Sheehan’s son, Casey, was an army specialist in the 82nd Field Artillery Regiment, and was killed in Iraq on April 4, 2004. Sheehan met with the president shortly after Casey’s death but she now claims that Bush treated her coldly on that occasion.
Sheehan now wants to meet for a second time with the president to talk about her sense of loss, her anger at a war she believes to be unjustified and to press her demand for a withdrawal of U.S. troops from Iraq.
Sheehan’s vigil has attracted massive media attention and has become a focal point for anti-war sentiment in general. Many other anti-war activists have joined her in Texas, in the process setting up a de facto “peace camp” just outside the Bush ranch.
But while the National Security Adviser Stephen Hadley has met with Sheehan, there have been no indications that the president himself will consent to a meeting.
The farthest Bush has gone in reference to Sheehan is a statement he made at a recent press conference in which he said he had “thought long and hard” about her position, even though he disagrees with her.

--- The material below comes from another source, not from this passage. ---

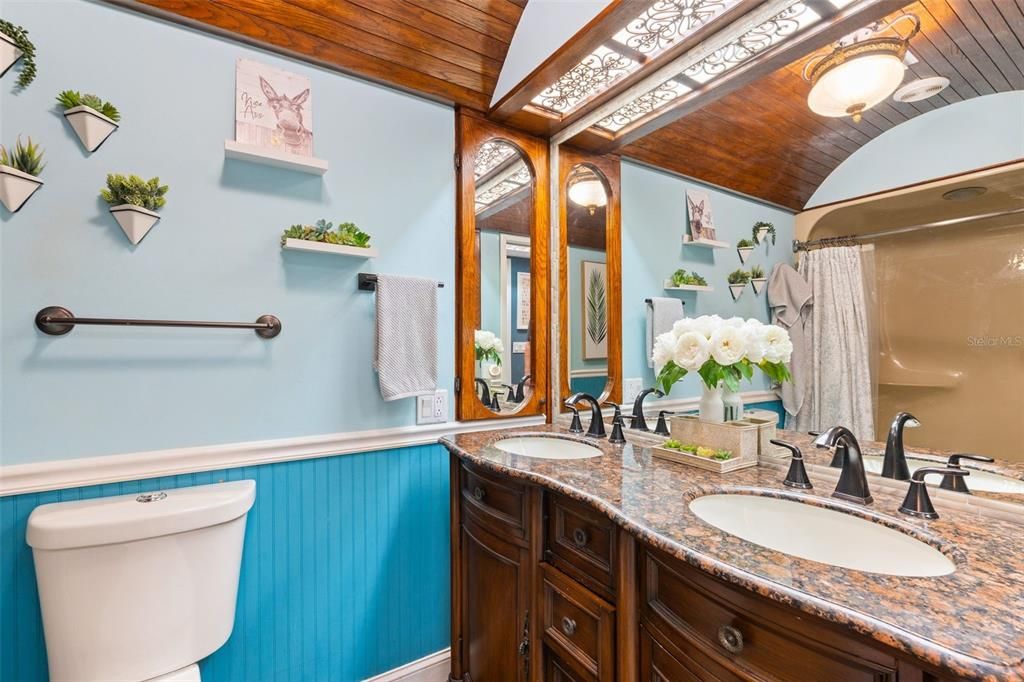 For Sale: $715,000 (4 beds, 3 baths, 2035 Square Feet)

Attempts by the Irish Echo to contact Sheehan were not successful. However, in an interview with the Buzzflash website earlier this year, she referred to her Irish heritage, while talking about a phone call Casey had made to her shortly before his death:
“He was on his way to Mass, and we talked about when he stopped in Ireland to refuel,” she recalled. “We’re Irish, so he found an employee that was telling him about the history of our name, the Sheehan name.”

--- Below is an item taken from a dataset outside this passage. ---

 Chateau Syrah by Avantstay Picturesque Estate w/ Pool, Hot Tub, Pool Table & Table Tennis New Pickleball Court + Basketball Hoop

After her son’s death, Cindy Sheehan became one of the founding members of an anti-war group, Gold Star Families For Peace. The group calls for an immediate withdrawal of U.S. troops from Iraq. More idiosyncratically, it also insists that the president should tell its members why his twin daughters, Barbara and Jenna, are “not in harm’s way” in the war.
While Sheehan’s beliefs as a whole are to the left of most Americans, her protest comes at a time of rising discontent over the war in Iraq. A succession of polls has shown that the war is now more unpopular than ever before.
The president’s supporters contend that Sheehan and her supporters are using her grief as a vehicle for a partisan political agenda.
The story also has complicating personal elements. Some members of the Sheehan family have distanced themselves from Cindy Sheehan’s protest. Although Casey’s father, Pat, is also listed as one of the founders of Gold Star Families For Peace, he reportedly filed for divorce on Friday.
Cindy Sheehan blames the stress caused by their son’s death for having driven the couple apart.